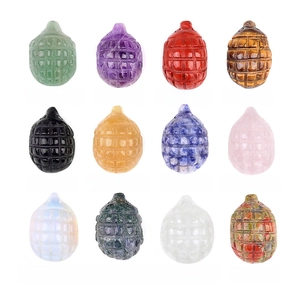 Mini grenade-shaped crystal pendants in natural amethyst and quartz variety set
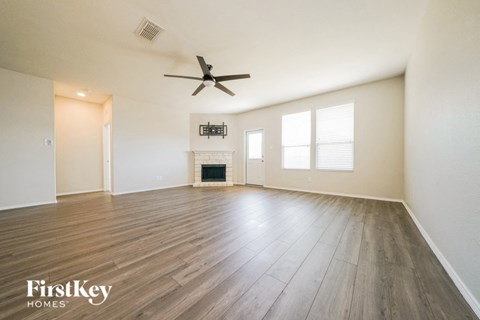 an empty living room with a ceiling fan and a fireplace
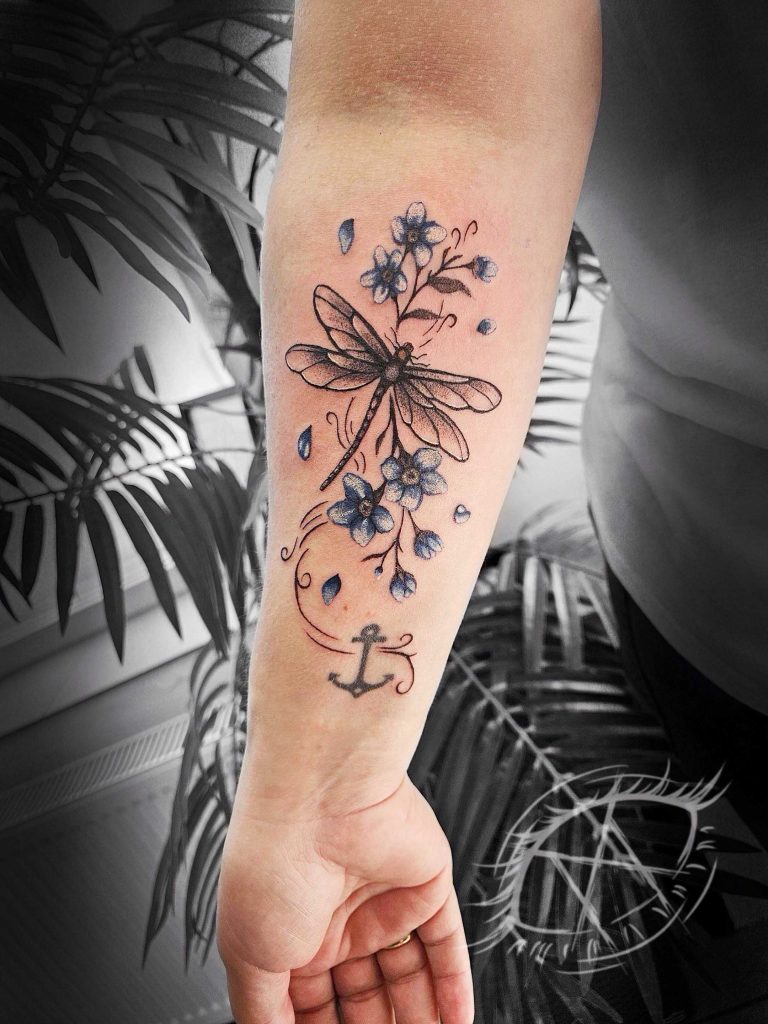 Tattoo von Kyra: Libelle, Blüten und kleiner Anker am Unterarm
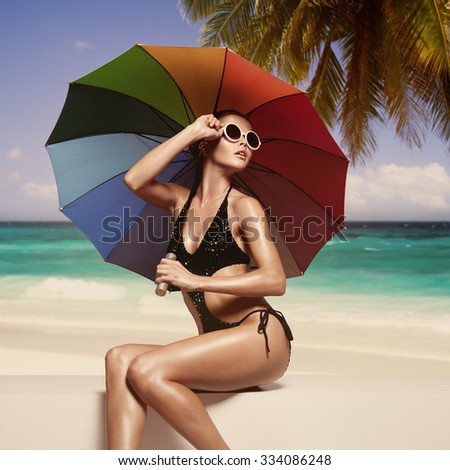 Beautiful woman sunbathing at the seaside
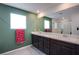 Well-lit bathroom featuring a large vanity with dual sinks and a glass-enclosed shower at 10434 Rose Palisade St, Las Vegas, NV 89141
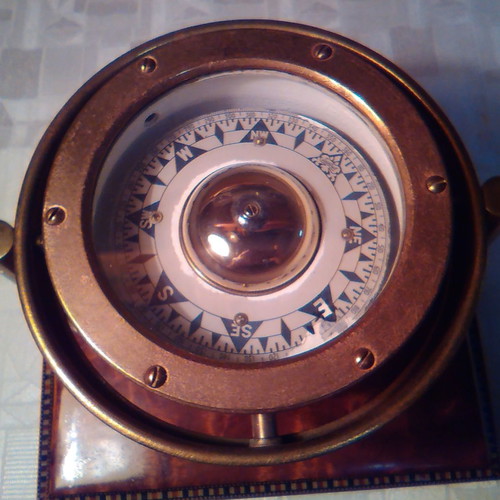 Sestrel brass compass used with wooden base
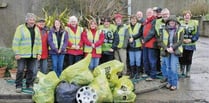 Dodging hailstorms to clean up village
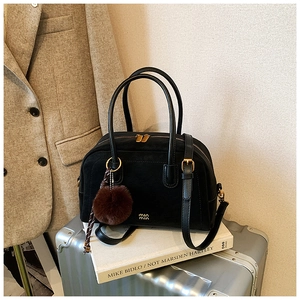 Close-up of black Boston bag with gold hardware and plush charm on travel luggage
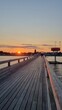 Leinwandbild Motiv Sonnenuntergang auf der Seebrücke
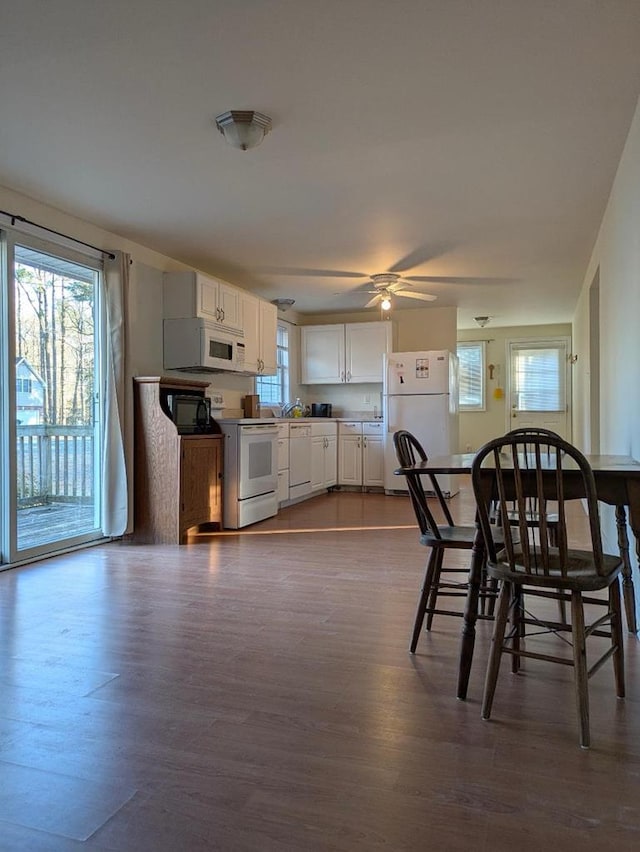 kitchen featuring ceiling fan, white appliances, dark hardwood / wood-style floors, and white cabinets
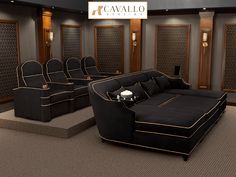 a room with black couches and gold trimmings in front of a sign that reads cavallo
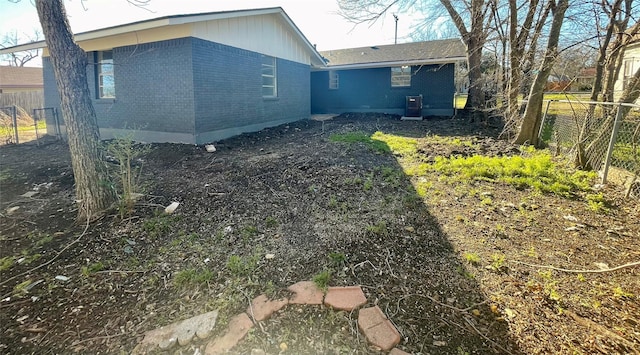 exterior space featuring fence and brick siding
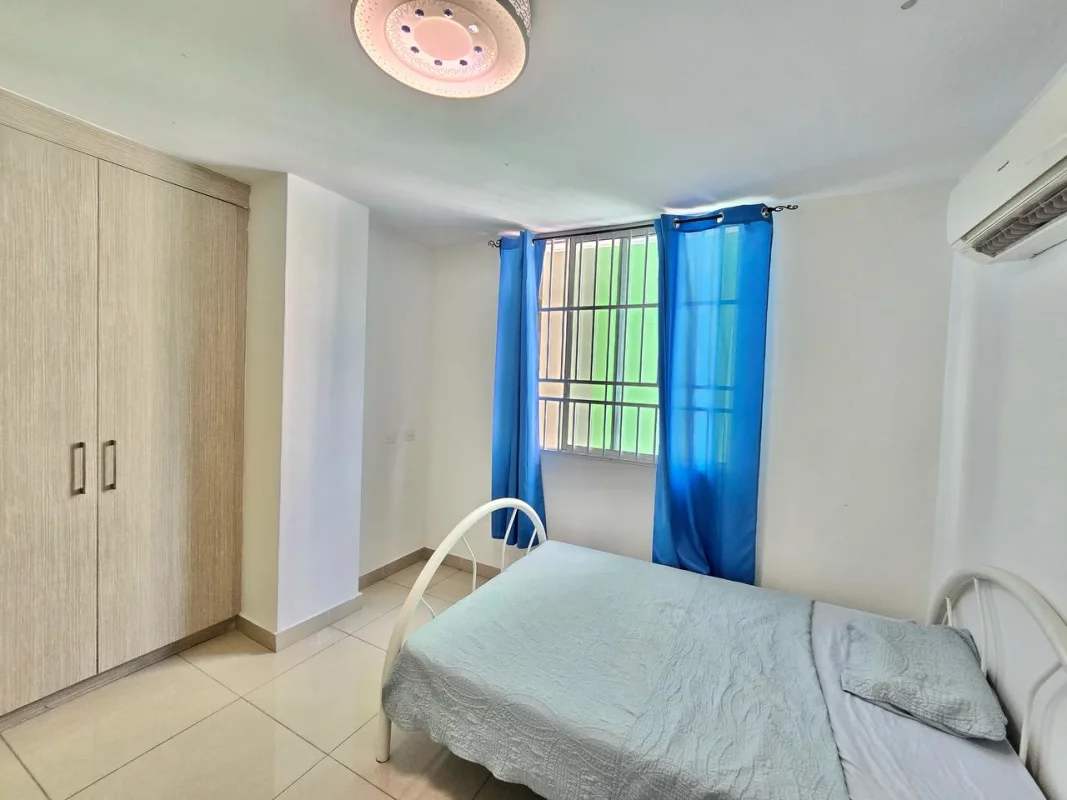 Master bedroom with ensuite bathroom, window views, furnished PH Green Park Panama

## WHAT YOU ARE ASKED TO DO
Return every entry above word for word, leaving pictures out.

## OUTPUT OF THE EXERCISE
 Mini grenade-shaped crystal pendants in natural amethyst and quartz variety set
 an empty living room with a ceiling fan and a fireplace
 Tattoo von Kyra: Libelle, Blüten und kleiner Anker am Unterarm
 Beautiful woman sunbathing at the seaside
 Well-lit bathroom featuring a large vanity with dual sinks and a glass-enclosed shower at 10434 Rose Palisade St, Las Vegas, NV 89141
 Sestrel brass compass used with wooden base
 Dodging hailstorms to clean up village
 Close-up of black Boston bag with gold hardware and plush charm on travel luggage
 Leinwandbild Motiv Sonnenuntergang auf der Seebrücke
 kitchen featuring ceiling fan, white appliances, dark hardwood / wood-style floors, and white cabinets
 a room with black couches and gold trimmings in front of a sign that reads cavallo
 exterior space featuring fence and brick siding
 Master bedroom with ensuite bathroom, window views, furnished PH Green Park Panama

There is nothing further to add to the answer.